Pubic hair, however, appears to have a different evolutionary history than other body hair. This is indicated by the fact that no other primates have pubic hair. Consequently, it is probable that the primate ancestors of human beings likewise had no pubic hair. If this is true, then pubic hair seems to be a specifically human adaptation. But why should human beings have pubic hair while other primates do not? The answer, I would argue, has to do with our upright posture. For one of the striking facts about pubic hair is that it brings visual attention to the genitals. But it can only do this for a primate who walks upright. For an animal that goes about on all fours or knuckle walks, pubic hair would hardly be visable and thus serve little purpose (which is why other primates never evolved pubic hair). It might also play a minor role retaining sexual scents, but this seems secondary to the visual role. But what evolutionary benefit is served in bringing attention to the genitals? Obviously it serves to stimulate sexual desire and to draw individuals into having sexual intercourse, which in turn leads to reproduction. This is why pubic hair only appears with sexual maturity; for only with sexual maturity can reproduction take place.

Note, however, that male and female pubic hair draws attention to the genitals in different ways. Male pubic hair tends to frame and display the genitals while female pubic hair tends to hide and obscure the genitals. In this way, female pubic hair seems to serve the same function as revealing female clothing, namely, it draws attention to a part of the body by minimally concealing it. The fashion of female pubic-hair removal can in this sense be seen as merely part of the fashion for female clothing to become more and more revealing. For with the removal of pubic hair a female’s genitals are even more revealed (though only, of course, to those who see her naked). Further, like female leg-hair and underarm-hair removal, it serves to exaggerate femaleness by making the female body even more hairless.

Underarm hair seems to have evolved to serve a variety of puposes. Most likely it is an adaptation to trap bodily scents, scents that have a variety of functions. Thus, an infant can recognize the underarm scents of its mother and feeds better when these scents are present. Also, when constantly exposed to male underarm scents, women with abnormally long or short menstrual cycles will tend to have their cycles adjusted to the more normal 28-day cycle. Further, when exposed to each other’s underarm scents, both males and females tend to experience increases in various hormone levels, and thus in physiological arousal (for an account of how hormones might affect sexual desire, see my “Sex hormones and sexual desire”, Journal for the Theory of Social Behaviour, 2008).

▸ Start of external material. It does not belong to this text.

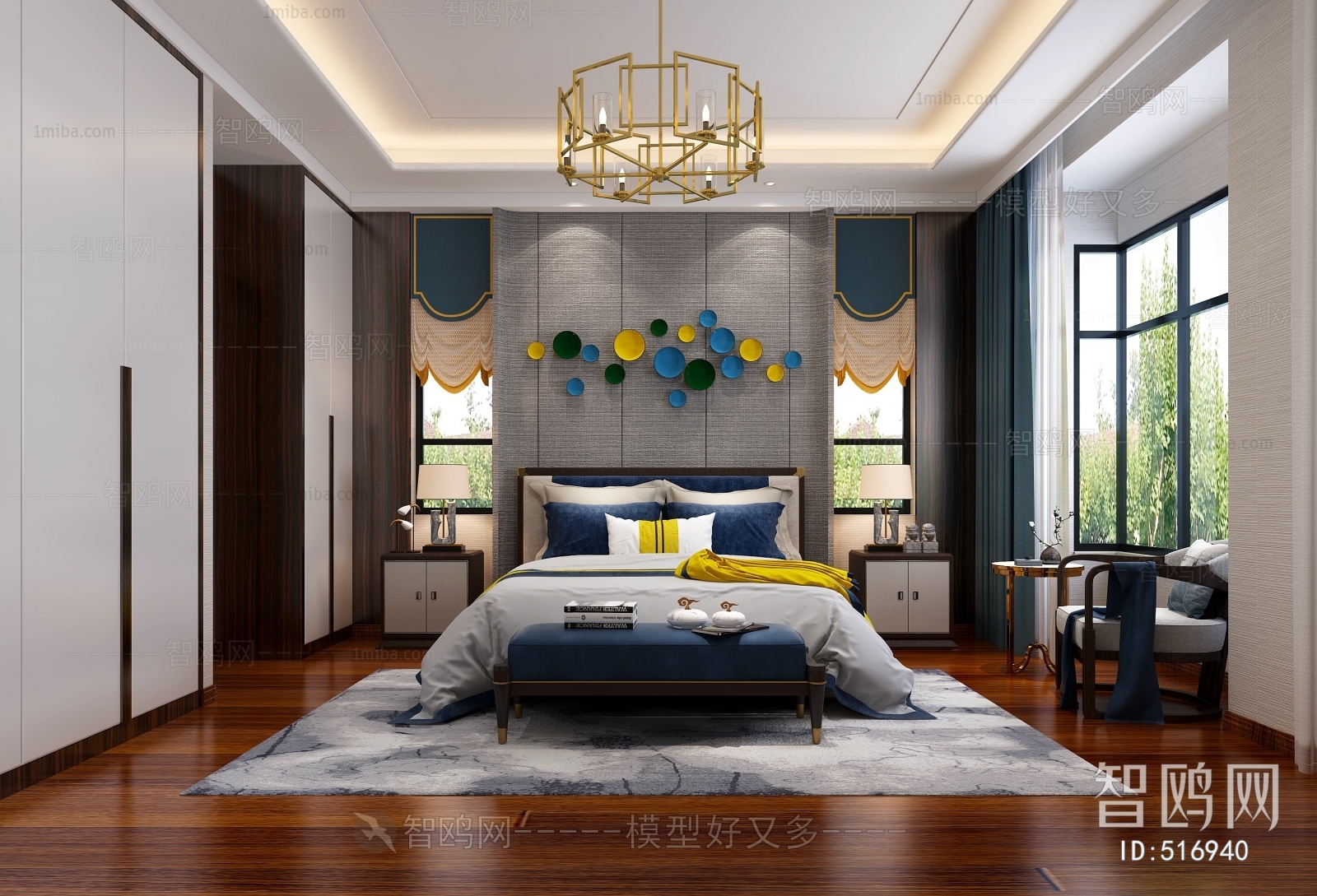 New Chinese Style Bedroom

Long head hair is most likely, as I have argued elsewhere, a result of sexual selection. That is, it evolved as a feature adapted to stimulate sexual attraction. Further, it seems to be a female trait that was passed on to males, but serves little pupose in the male (much like male nipples). This is further suggested by prevalence of male hair-loss, something that is rare in females. Male hair-loss is also evidence against that idea that head hair evolved to protect us from the sun. If this was its evolutionary function, why should hair-loss be so prevalent? Also, why should hair have grown especially on the head to serve this function, but not on the rest of the body? The shoulders, chest, face, and so on are also exposed to the sun. The answer, it would seem, is because what protected human beings from the sun in Africa (which is where we evolved) was not hair, but rather dark-pigmented skin.

As for the point about clothing, I don’t feel this is inconsistent with the naked love theory. As mentioned, clothing is a recent human invention, appearing somewhere between 72,000 and 42,000 years ago. The evolutionary processes I am discussing took place at least a million years prior to our wearing clothes.